If one considers the USofA to be a single entity this looks like as mandate. But the interests of the urban and rural folks diverge almost absolutely.

Quote of note:

Although final judgment is still to come, yesterday's balloting did in several instances validate important elements of the Bush political model. This strategy has been based from the outset of Bush's term on carefully tending to the Republican Party's conservative base, and a governing strategy based more often on trying to vanquish political adversaries rather than split the difference with them.

The politics of personal destruction is still the Republicans' most potent political weapon.

At this point, I think "blue state" folks should join the state's rights bandwagon to the degree that we insist we get returns from the Federal Government in proportion to the taxes we pay. Corporations may pay for the politicians but the citizens of the "blue states" pay for the government. I want the exact same logic used to justify one third of the money stolen from the future being given to one twentieth of the population applied to government spending: those that pay the most get back the most.

Anyway…

For Bush and GOP, a Validation
By John F. Harris
Washington Post Staff Writer
Wednesday, November 3, 2004; Page A01

Four years later, it is still a divided country -- perhaps more sullenly than ever -- but as a long election night bled into morning the evidence was clear that it is becoming a more Republican one.
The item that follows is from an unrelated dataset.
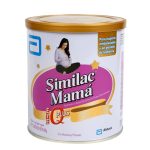 Leche Similac Mamá 400 g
President Bush, his fate for winning a second term still officially uncertain, commanded the popular-vote majority that eluded him in 2000. And in an impressive run of battleground states, he seemed to win validation for a campaign that unabashedly stressed conservative themes and reveled in partisan combat against Democratic nominee John F. Kerry.

On the same night, Republicans expanded their majority in the Senate and had the Democratic leader on the ropes. It seemed likely they would also make gains in the House, as voters in an age of terrorism seemed to let go of their 1990s preference for divided government and gave a narrow but unmistakable mandate for the GOP.